(Collected data)
++++
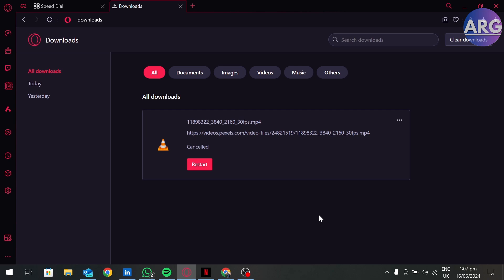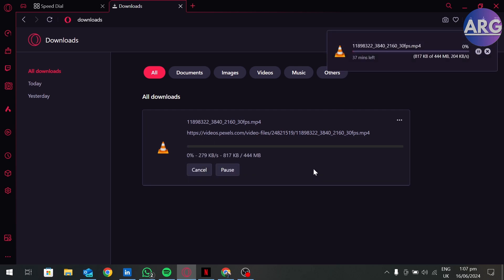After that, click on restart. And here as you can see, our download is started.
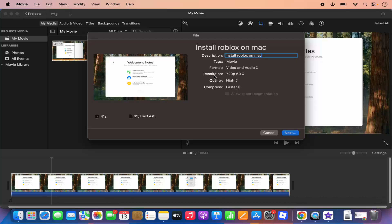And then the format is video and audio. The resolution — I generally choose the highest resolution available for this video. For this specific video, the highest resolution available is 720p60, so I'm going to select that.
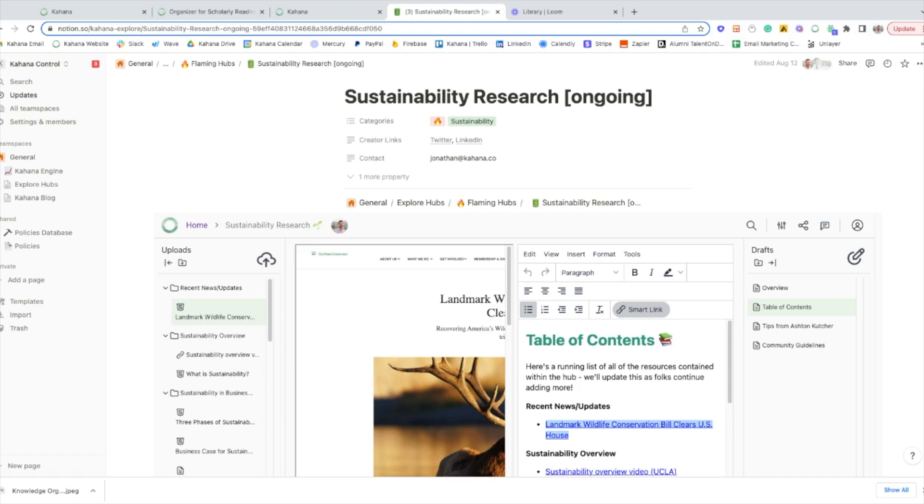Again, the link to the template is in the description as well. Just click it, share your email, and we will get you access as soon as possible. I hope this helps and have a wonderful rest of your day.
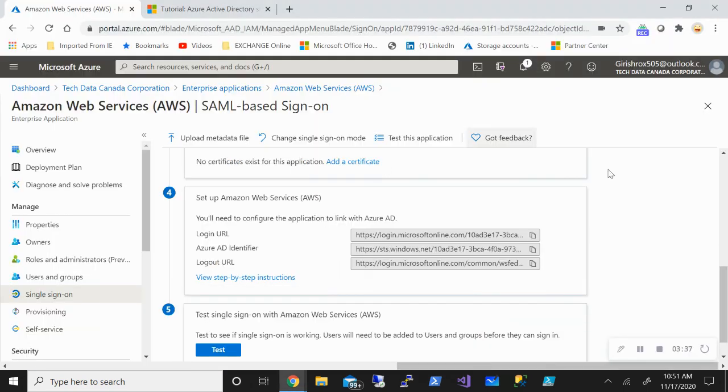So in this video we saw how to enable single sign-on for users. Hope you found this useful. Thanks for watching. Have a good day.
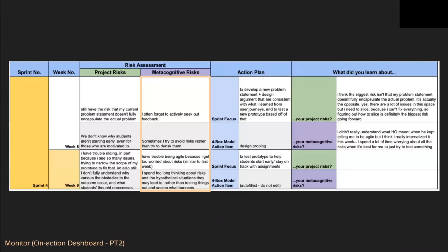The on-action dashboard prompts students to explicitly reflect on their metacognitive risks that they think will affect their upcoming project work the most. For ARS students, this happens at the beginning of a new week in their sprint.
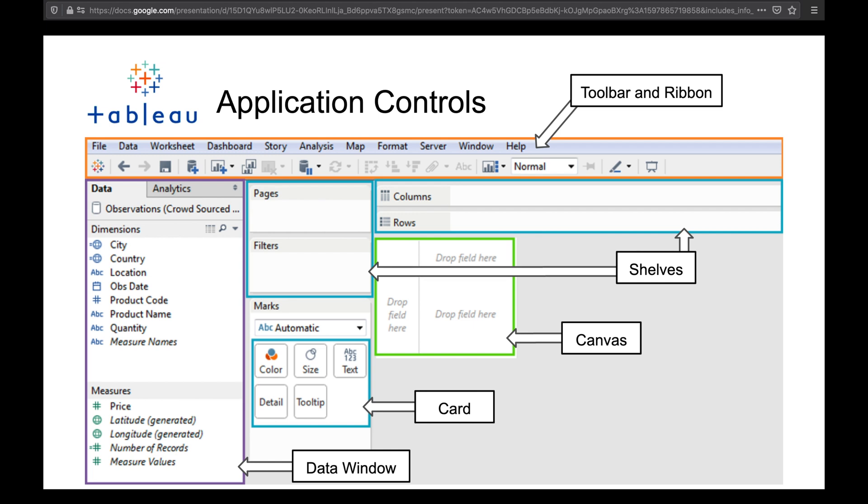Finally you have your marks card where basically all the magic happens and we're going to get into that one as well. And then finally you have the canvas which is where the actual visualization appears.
++++
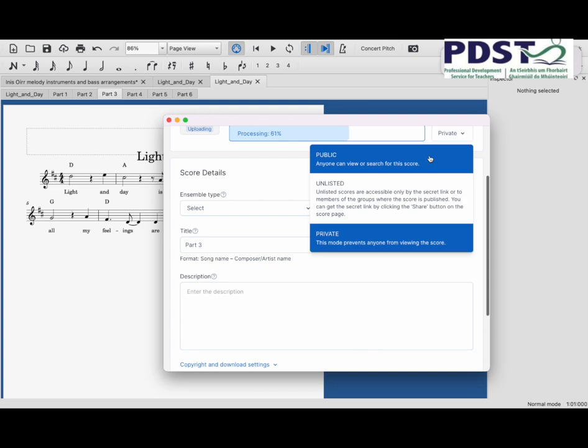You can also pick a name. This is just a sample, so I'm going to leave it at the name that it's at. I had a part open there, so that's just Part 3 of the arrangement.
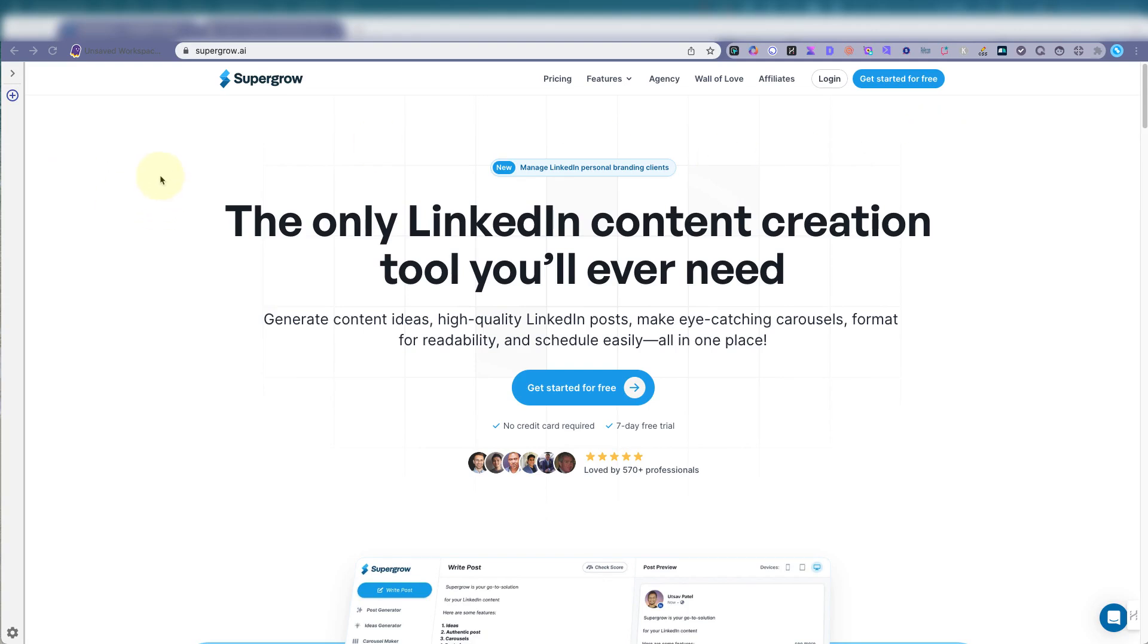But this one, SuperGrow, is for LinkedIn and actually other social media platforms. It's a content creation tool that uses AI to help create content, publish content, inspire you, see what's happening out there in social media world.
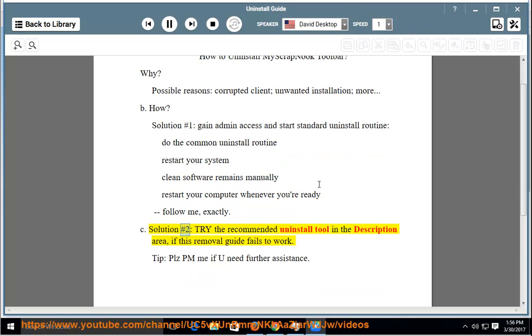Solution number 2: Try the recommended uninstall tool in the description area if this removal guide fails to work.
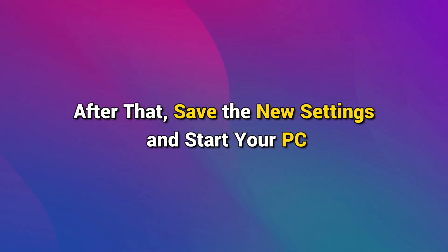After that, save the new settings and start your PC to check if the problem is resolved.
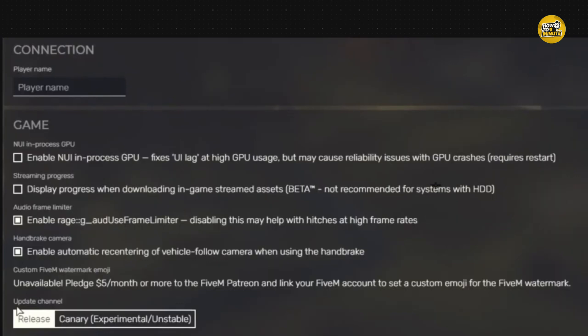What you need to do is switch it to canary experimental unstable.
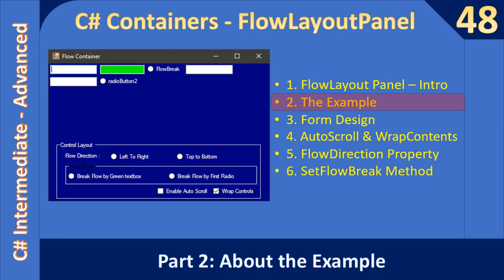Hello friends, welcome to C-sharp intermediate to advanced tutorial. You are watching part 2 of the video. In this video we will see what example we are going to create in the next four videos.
++++
PROBLEM TO SOLVE: Nothing outside the stretch above, from the line with "After that, click" through the line with "The on-action dashboard", is set down. Transcribe that stretch exactly, ends included, but not its pictures.

SOLUTION FOR THIS TASK:
After that, click on restart. And here as you can see, our download is started.
And then the format is video and audio. The resolution — I generally choose the highest resolution available for this video. For this specific video, the highest resolution available is 720p60, so I'm going to select that.
Again, the link to the template is in the description as well. Just click it, share your email, and we will get you access as soon as possible. I hope this helps and have a wonderful rest of your day.
So in this video we saw how to enable single sign-on for users. Hope you found this useful. Thanks for watching. Have a good day.
The on-action dashboard prompts students to explicitly reflect on their metacognitive risks that they think will affect their upcoming project work the most. For ARS students, this happens at the beginning of a new week in their sprint.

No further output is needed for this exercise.